Interview Henk Blokzijl
Voor het boek Het MensaQuotiënt (2003) zijn indertijd interviews afgenomen met een aantal (ex-)Mensaleden. Zij vertellen over hun hoogbegaafdheid en de invloed hiervan op hun leven.
De genoemde leeftijden zijn die ten tijde van het interview.
Henk Blokzijl (42) is een zeldzaamheid, ook buiten Mensa. Hij is een tevreden mens die al vijfentwintig jaar bij hetzelfde schildersbedrijf werkt. Over een dom jongetje dat werd getest voor het individueel technisch onderwijs, maar toch de lts mocht proberen.
"In de eerste klas van de kleuterschool moesten we propjes plakken. Twee juffen stonden achter me en zeiden verbaasd tegen elkaar: ja, zo kan het ook. Ik had niet opgelet toen ze de klas uitlegden hoe het eigenlijk moest en ik nam mezelf dat erg kwalijk. Dat is het moment geweest dat ik om me heen ben gaan kijken om in het keurslijf te passen. Daar kom je pas achter als je lid bent. Ik kwam bij Mensa door mijn vriendin, zij deed de test en ik deed mee. Ik vond mezelf nooit slim, ik dacht juist dat ik dom was omdat ik mensen mijn visie niet aan het verstand kon brengen. Dat heb ik op het werk ook moeten leren. Het irritante van mij is dat ik altijd gelijk wil hebben en dat vaak ook heb. Mijn baas legt bepaalde beleidszaken al niet meer aan me voor omdat hij zó graag een bepaald doel wil bereiken en ik hem aan het twijfelen breng. Maar voor de jongens op het werk ben ik Henk en Henk is anders dan de rest.

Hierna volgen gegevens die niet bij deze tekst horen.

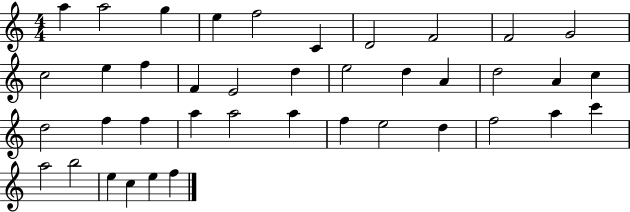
X:1
T:Untitled
M:4/4
L:1/4
K:C
a a2 g e f2 C D2 F2 F2 G2 c2 e f F E2 d e2 d A d2 A c d2 f f a a2 a f e2 d f2 a c' a2 b2 e c e f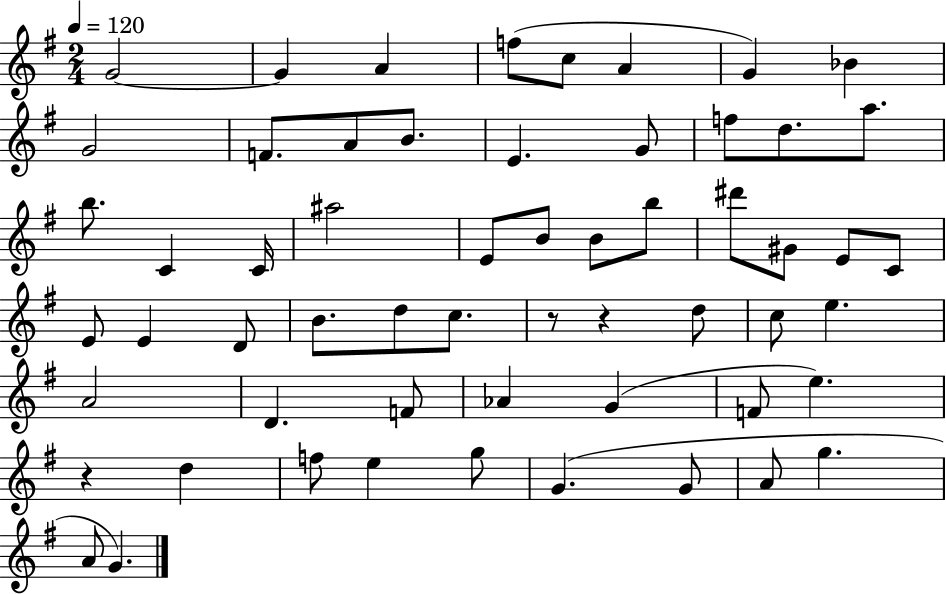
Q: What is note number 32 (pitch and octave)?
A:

Ik heb nooit bewust schilder willen worden. Ik wilde de reclame in als tekenaar, maar dat mocht niet. De lts was blij met iedere leerling en die wilden ze houden ook. Word maar schilder, zeiden ze, want in de schilderklas mag je veel tekenen en dan kan je ook met kwasten en verf aan de slag. Toch ben ik best blij dat ik schilder geworden ben. In de reclamewereld is handwerk vervangen door computers en je wordt nu geen reclameschilder meer, maar reclamespuiter of dtp'er. Dat had ik ook kunnen doen, maar ik wil niet alles zijn. Ik had ook timmerman kunnen worden of stukadoor of metselaar. Werk buiten de bouw? Kan dat ook? Nee, hier ben ik tevreden. Ik kan me nog herinneren dat ik het fantastisch vond om te horen dat een ambtenaar een trendvolger is en de bouwvakker een trendsetter. Mooi, dacht ik, dan zit ik in ieder geval aan de basis van het economische bestel van Nederland.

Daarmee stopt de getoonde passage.